Look below for the lines from the one with "أهالى قرية العور" to the one with "94, Heathcote Drive, East Grinstead RH19 1ND", and copy exactly those lines, both ends included.

[Record set Boundary: Start]

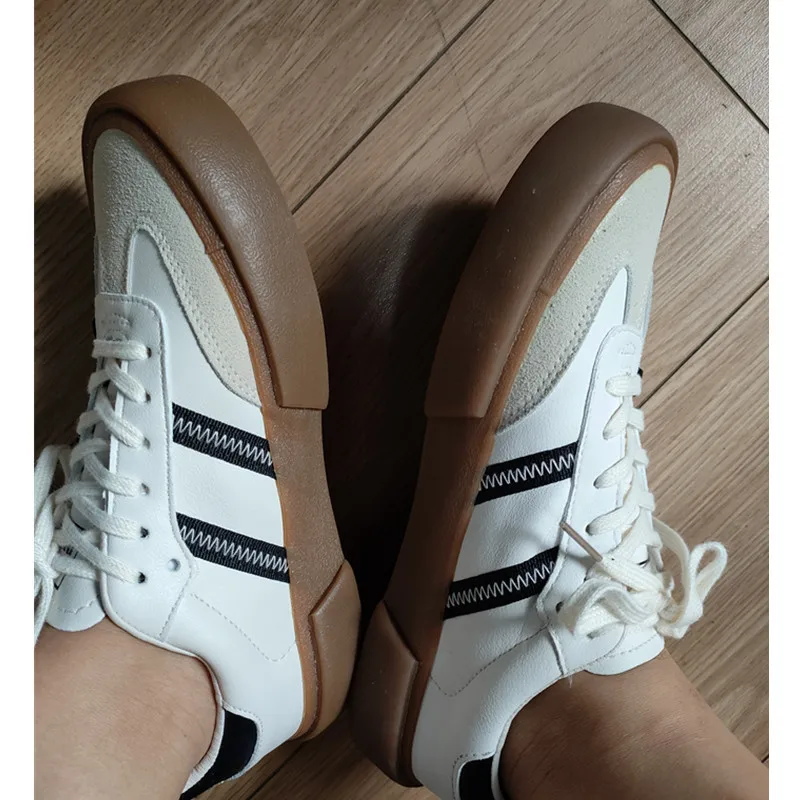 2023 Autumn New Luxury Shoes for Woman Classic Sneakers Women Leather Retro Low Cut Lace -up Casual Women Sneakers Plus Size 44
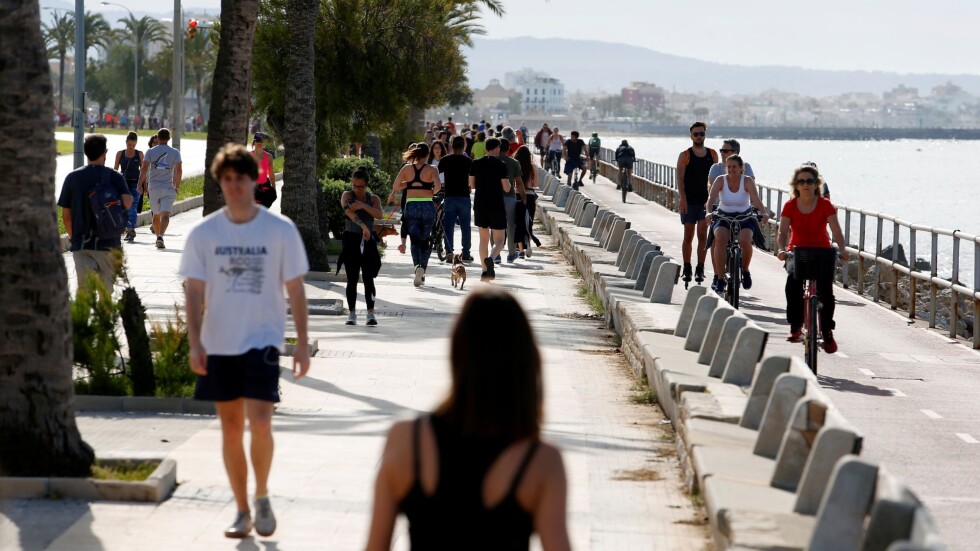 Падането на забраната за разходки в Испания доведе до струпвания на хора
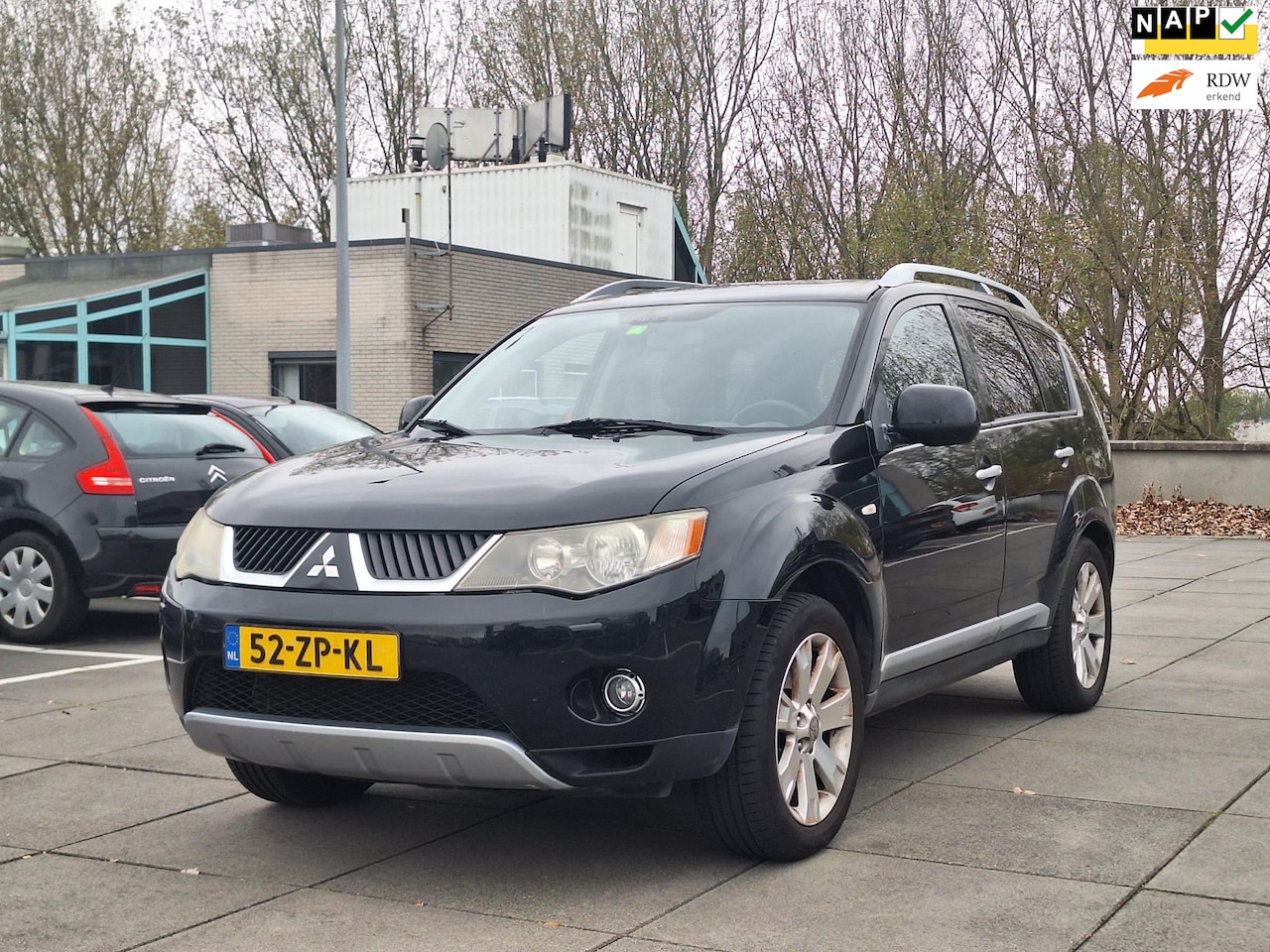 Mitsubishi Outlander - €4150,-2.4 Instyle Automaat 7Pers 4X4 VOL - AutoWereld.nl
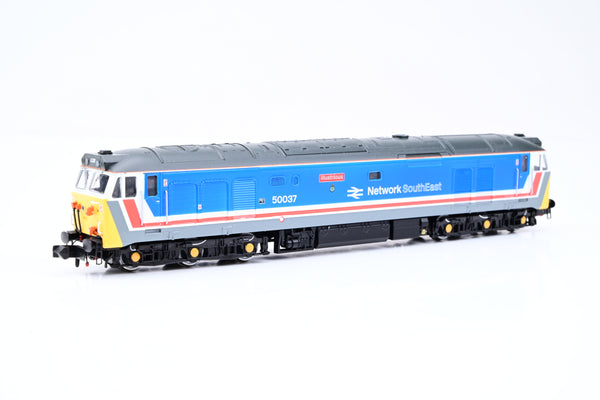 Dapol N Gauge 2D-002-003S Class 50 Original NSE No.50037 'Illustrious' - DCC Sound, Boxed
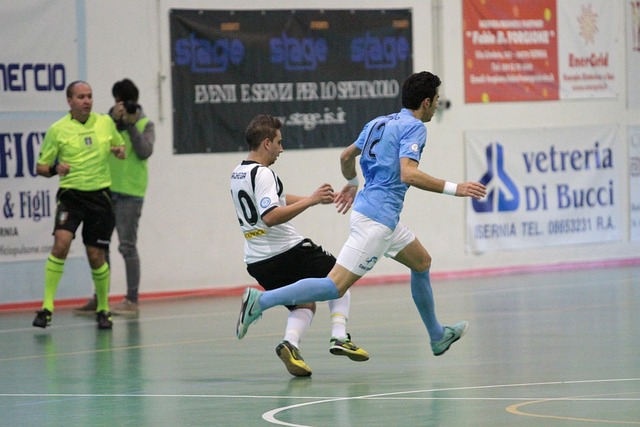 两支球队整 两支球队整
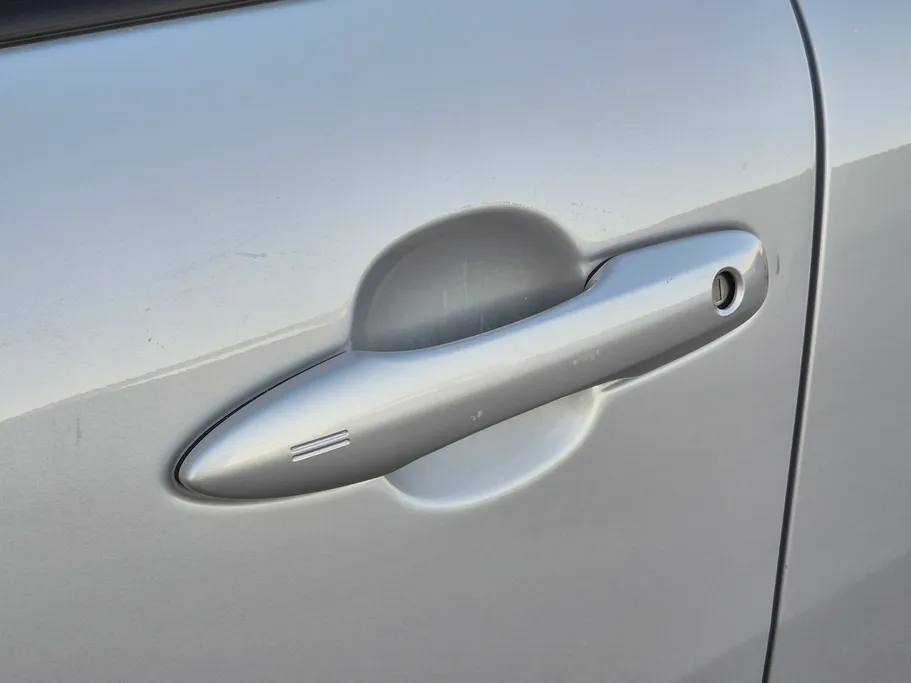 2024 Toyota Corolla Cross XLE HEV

[Record set Boundary: End]
[Record set Boundary: Start]

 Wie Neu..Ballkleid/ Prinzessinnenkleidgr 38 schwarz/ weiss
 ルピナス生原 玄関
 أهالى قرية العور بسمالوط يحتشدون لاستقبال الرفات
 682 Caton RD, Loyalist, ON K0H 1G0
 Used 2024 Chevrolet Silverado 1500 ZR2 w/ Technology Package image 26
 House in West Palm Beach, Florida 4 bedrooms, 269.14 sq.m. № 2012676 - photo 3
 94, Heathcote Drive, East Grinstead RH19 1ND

[Record set Boundary: End]
[Record set Boundary: Start]

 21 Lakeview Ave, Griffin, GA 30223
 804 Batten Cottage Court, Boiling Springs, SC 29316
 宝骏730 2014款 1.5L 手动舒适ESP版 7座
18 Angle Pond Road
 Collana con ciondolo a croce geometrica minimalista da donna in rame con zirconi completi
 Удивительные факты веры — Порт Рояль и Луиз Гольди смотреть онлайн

[Record set Boundary: End]

_Solved problem_
 أهالى قرية العور بسمالوط يحتشدون لاستقبال الرفات
 682 Caton RD, Loyalist, ON K0H 1G0
 Used 2024 Chevrolet Silverado 1500 ZR2 w/ Technology Package image 26
 House in West Palm Beach, Florida 4 bedrooms, 269.14 sq.m. № 2012676 - photo 3
 94, Heathcote Drive, East Grinstead RH19 1ND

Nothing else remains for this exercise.